9条改憲阻止などを掲げる市民団体の集会「市民と野党の集い」では、真っ先に反戦を訴えた羽田さん。「暴走を止めなければ改憲が進む。怒りを選挙にぶつけよう」と、現政権や相手候補への批判を展開した。一方、スーパー前では「生活が第一」と主張。消費税増税の凍結を訴えるとともに、年金2000万円問題も引き出して現行制度を非難。「最低年金保障制度をつくって無年金者をなくす」と暮らしや将来に安心感を持てる政治を実現するとした。

選対本部長の杉尾秀哉立憲民主党県連代表は「羽田さんの知名度と実績で反応は良い。手応えはあるが、気を緩めずに戦い抜く」と話した。

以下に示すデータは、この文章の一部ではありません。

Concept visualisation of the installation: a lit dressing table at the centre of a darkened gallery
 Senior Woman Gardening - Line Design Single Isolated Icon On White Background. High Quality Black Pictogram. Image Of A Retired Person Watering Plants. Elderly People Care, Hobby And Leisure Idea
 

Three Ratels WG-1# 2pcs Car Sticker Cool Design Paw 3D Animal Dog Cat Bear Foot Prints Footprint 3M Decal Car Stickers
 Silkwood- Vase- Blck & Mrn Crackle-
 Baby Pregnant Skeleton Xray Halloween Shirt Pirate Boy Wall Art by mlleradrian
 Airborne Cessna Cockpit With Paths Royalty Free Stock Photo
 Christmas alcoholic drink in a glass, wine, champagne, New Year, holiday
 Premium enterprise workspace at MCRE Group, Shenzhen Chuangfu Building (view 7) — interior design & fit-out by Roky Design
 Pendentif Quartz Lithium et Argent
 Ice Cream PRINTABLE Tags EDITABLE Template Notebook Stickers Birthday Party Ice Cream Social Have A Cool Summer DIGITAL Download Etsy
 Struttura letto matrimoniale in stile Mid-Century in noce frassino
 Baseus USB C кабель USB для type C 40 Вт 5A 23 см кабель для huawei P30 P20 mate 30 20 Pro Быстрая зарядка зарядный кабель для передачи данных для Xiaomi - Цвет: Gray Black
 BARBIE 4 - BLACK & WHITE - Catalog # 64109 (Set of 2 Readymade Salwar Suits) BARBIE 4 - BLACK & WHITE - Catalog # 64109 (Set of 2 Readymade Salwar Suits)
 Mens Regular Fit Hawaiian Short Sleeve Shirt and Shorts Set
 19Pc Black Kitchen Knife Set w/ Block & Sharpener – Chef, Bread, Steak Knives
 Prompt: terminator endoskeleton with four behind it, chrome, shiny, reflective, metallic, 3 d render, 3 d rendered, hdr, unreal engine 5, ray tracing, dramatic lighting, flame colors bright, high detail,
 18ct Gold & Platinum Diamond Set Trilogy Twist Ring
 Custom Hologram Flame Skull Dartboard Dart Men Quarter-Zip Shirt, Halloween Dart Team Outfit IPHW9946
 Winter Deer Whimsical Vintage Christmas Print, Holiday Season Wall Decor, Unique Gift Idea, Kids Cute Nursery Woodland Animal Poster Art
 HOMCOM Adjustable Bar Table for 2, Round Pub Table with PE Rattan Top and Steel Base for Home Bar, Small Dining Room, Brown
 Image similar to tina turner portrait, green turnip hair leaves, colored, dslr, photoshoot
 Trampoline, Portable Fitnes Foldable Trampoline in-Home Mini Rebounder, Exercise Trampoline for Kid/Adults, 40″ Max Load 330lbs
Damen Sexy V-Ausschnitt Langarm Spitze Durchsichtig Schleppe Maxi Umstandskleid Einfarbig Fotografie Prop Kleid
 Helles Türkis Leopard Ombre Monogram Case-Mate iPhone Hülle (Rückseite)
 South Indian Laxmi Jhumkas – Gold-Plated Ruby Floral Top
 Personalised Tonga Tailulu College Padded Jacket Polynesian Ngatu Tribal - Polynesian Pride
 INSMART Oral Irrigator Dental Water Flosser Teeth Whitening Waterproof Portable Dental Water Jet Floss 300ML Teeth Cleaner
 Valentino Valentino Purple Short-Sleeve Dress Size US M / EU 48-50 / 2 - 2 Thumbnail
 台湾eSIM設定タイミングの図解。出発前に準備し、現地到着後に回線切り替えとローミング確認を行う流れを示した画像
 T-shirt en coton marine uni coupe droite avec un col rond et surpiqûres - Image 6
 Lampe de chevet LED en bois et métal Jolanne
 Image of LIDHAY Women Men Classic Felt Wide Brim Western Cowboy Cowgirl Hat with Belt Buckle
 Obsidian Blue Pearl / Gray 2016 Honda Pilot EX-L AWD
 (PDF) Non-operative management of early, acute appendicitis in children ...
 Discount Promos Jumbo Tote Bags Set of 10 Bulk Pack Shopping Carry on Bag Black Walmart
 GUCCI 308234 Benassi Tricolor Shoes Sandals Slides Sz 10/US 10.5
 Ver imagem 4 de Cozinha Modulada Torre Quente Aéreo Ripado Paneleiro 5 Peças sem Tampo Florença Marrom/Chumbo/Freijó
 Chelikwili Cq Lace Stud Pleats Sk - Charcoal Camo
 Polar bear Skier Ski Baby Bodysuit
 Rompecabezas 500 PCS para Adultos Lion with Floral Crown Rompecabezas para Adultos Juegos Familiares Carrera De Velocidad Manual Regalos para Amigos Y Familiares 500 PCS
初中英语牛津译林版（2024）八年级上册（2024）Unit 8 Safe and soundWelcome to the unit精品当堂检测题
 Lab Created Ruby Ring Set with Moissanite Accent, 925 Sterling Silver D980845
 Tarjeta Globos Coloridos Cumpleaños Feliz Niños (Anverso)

小松さんは13日は三原朝彦衆院議員、進藤義孝自民党政調会長代理の応援を得て岡谷市や茅野、塩尻、木曽を、14日は片山さつき内閣府特命担当大臣とともに佐久地域を巡った。劣勢との報道もあるなか、各地で支持者と握手を交わすたびに「ここから大逆転しますよ」と日に焼けた顔に笑顔を浮かべた。

集会では自身の専門である地域医療について触れ、「私が必ず何とかしなければいけない」と国政復帰への決意を訴えた。さらに、「(羽田さんと)こんなに差が開いていたが、だんだん縮まってきて、完全に捉えている状況」と身ぶり手ぶりで挽回への自信を見せた。

選対本部長の後藤茂之県連会長も、野党が攻撃材料としている老後資金「2000万円不足」問題と公的年金制度への不信感については「理解が深まってきた」として、批判を払しょくしつつあり、「あと一歩という手応えがある」との見方を示した。